■ AIM OF THE TASK: Down to the last line, print the data that follows exactly, without its pictures.

■ Entries taken from a collection:
Start of Block
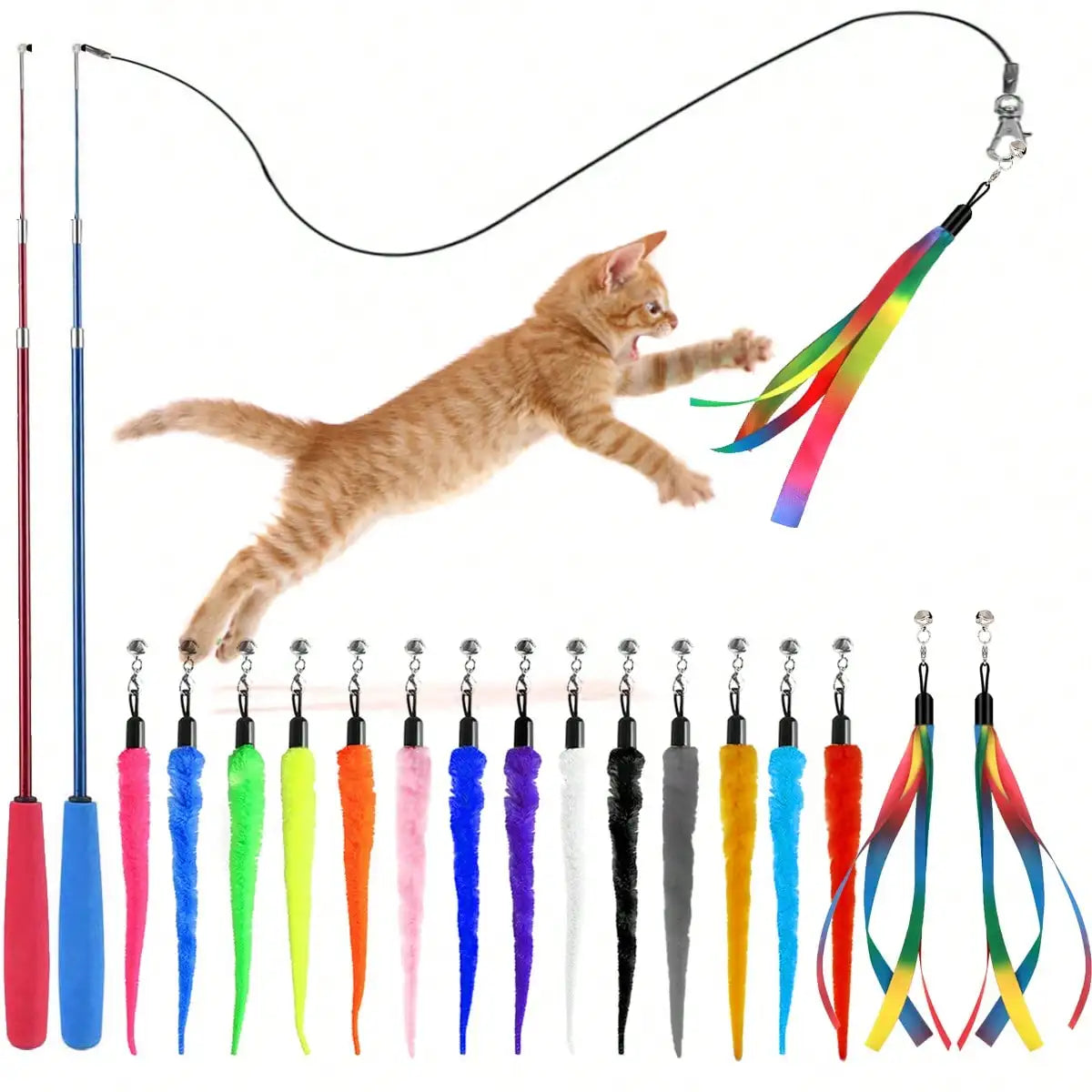 Interactive Cat Teaser Wand With Fleece Play Refills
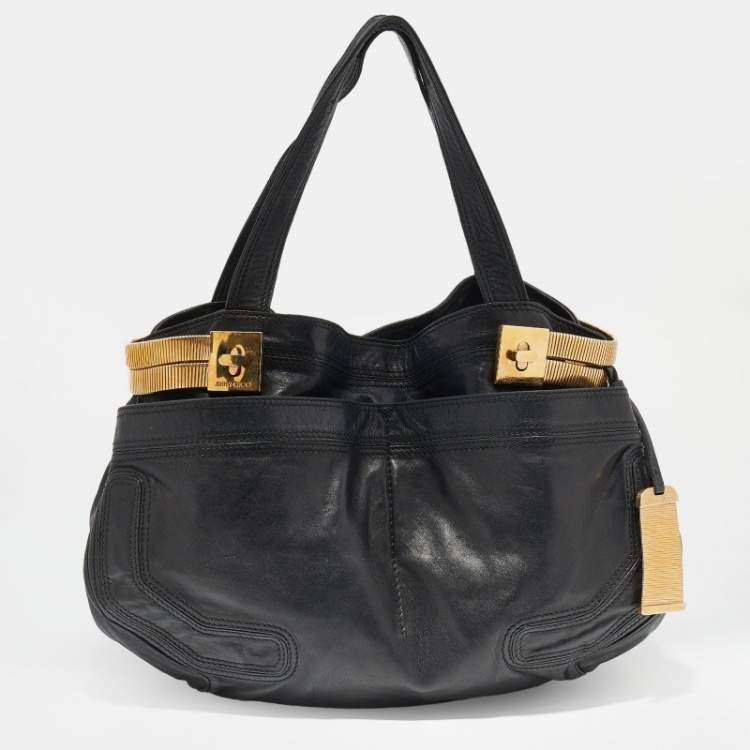 Pre Owned Jimmy Choo Black Leather Tote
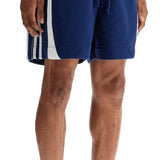 BLUE COTTON SHORTS WITH SIDE STRIPES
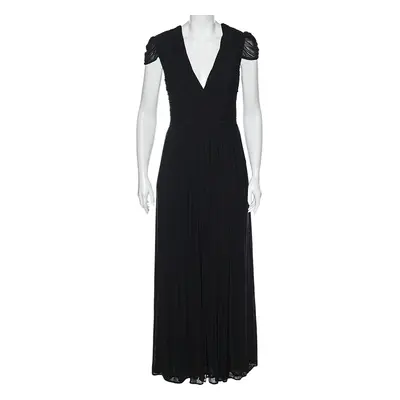 Class by Roberto Cavalli Black Jersey Ruched Maxi Dress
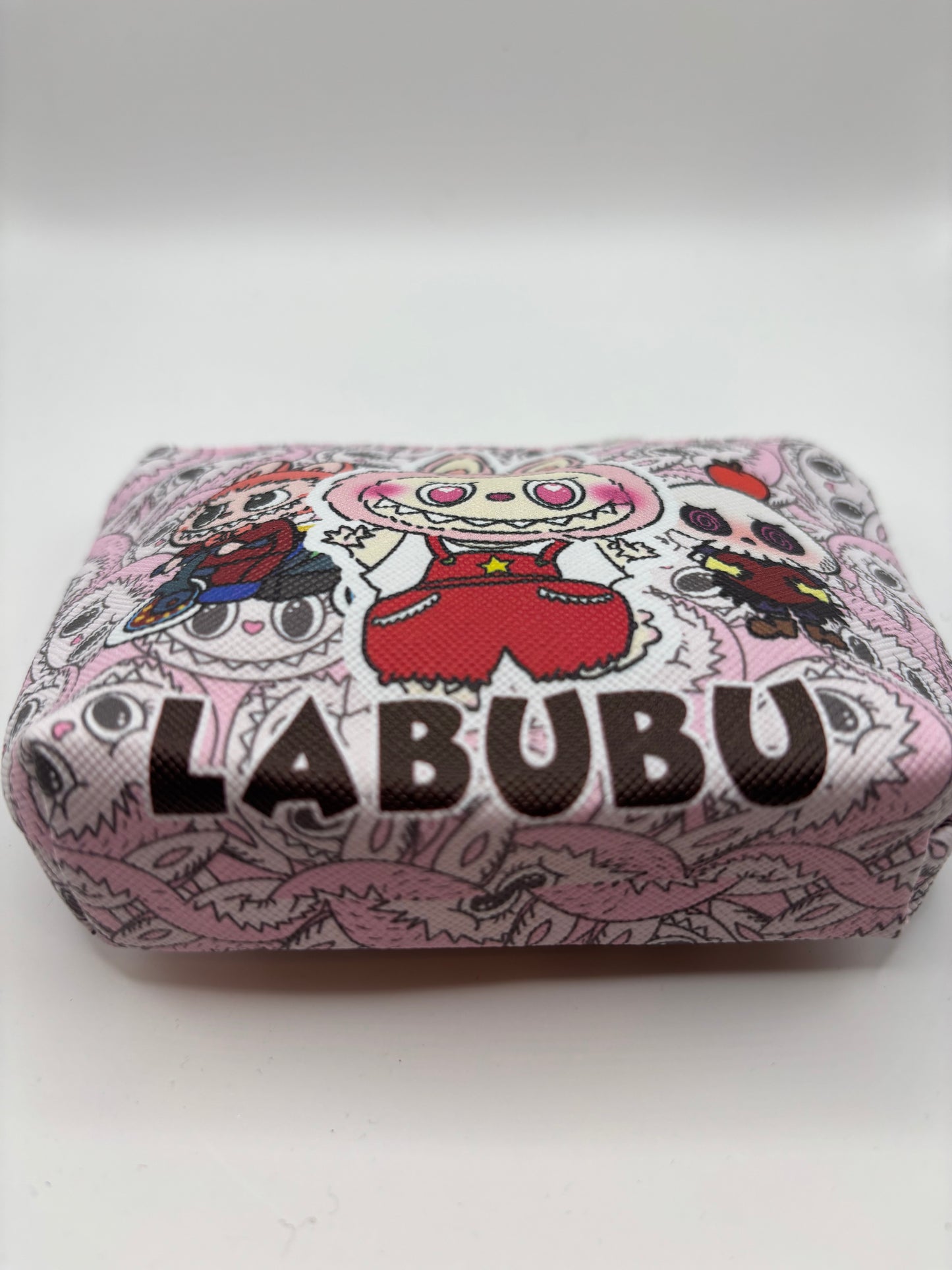 Pink Labubu keychain Coin purse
End of Block
■ EXERCISE ANSWER:
 Interactive Cat Teaser Wand With Fleece Play Refills
 Pre Owned Jimmy Choo Black Leather Tote
 BLUE COTTON SHORTS WITH SIDE STRIPES
 Class by Roberto Cavalli Black Jersey Ruched Maxi Dress
 Pink Labubu keychain Coin purse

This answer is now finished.